For $59 you could buy Slackware Pro, which installed easily and quickly, was
easy to configure, and came fully loaded with network services, development
tools/compilers, X windows etc, etc.

On the other hand, for $2600 you could buy SCO, a bare bones unix OS which was
quite tedious to configure, and didn't include any of the niceties of linux. SCO
suffered greatly from the comparison, and it was very clear that the handwriting
was on the wall even then.

So, does this ring a bell with anyone here?


[ Reply to This | # ]

End users like open. Really ?
Authored by: Anonymous on Tuesday, October 03 2006 @ 03:20 PM EDT

PJ writes:

For you "pragmatists" who say there's nothing wrong with closed, proprietary software, here's what's wrong with it: people don't want it. If you give them a choice, they'll choose open every time. They wanted Unix until it stopped being open, and then the market declined precipitously. End users like open.

Somehow that reasoning does not make any sense to me

  1. People want Unix because it is open
  2. People drop Unix because it becomes "semi-proprietary"
  3. People switch to Windows instead which is fully proprietary

How come Microsoft managed to grab 95+ percent of the market if people do not like proprietary software ?
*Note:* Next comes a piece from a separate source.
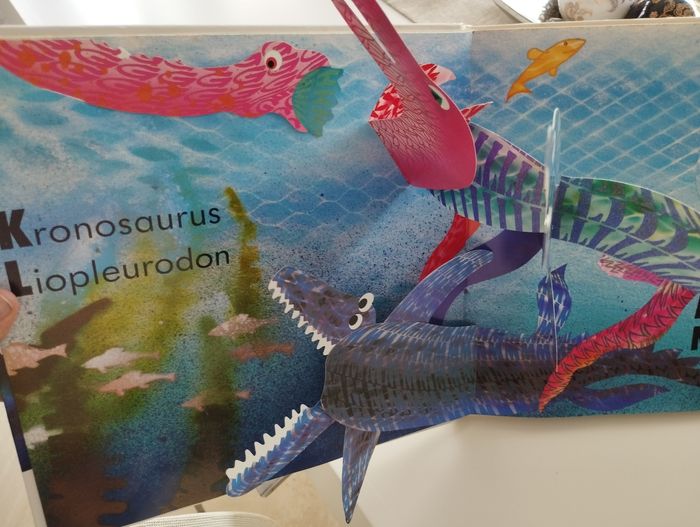 Livre dinosaures - photo numéro 6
It just does not add up. The world switching from Unix to Windows because Unix became semi-proprietary ? That just does not fly, I am sorry ...

Zs.Zs.

[ Reply to This | # ]

"the high end of the market is going to 64bit and the low end is going to Linux"
Authored by: tiger99 on Tuesday, October 03 2006 @ 03:23 PM EDT
They only got one thing wrong in their prediction! Both ends of the market are going to Linux, especially as Linux was years ahead of 64-bit Windoze, and works properly, which, from what I have seen, 64-bit Windoze does not. No wonder Bill hates it so much.

OK, I know that they probably meant 64-bit AIX, HP-UX, Solaris etc, rather than Windoze, but even so, with the benefit of hindsight, we can see that Linux has made big inroads there too. And as for 64-bit OpenSewer 6, well.......

:-)

[ Reply to This | # ]

pragmatists
Authored by: Anonymous on Tuesday, October 03 2006 @ 03:27 PM EDT
PJ wrote:

> For you "pragmatists" who say there's nothing wrong with
> closed, proprietary software, here's what's wrong with it:
> people don't want it. If you give them a choice, they'll
> choose open every time. They wanted Unix until it stopped
> being open, and then the market declined precipitously.

Sorry, that's just not true. The success of MS shows that most people do want
closed, proprietary software - or at least, they just don't care. Unix market
share was mostly lost to a product that was even more closed and proprietary -
Windows NT.

The problem with Unix in those days was exactly as described in the article
quoted, fragmentation into umpteen versions with incompatible extensions.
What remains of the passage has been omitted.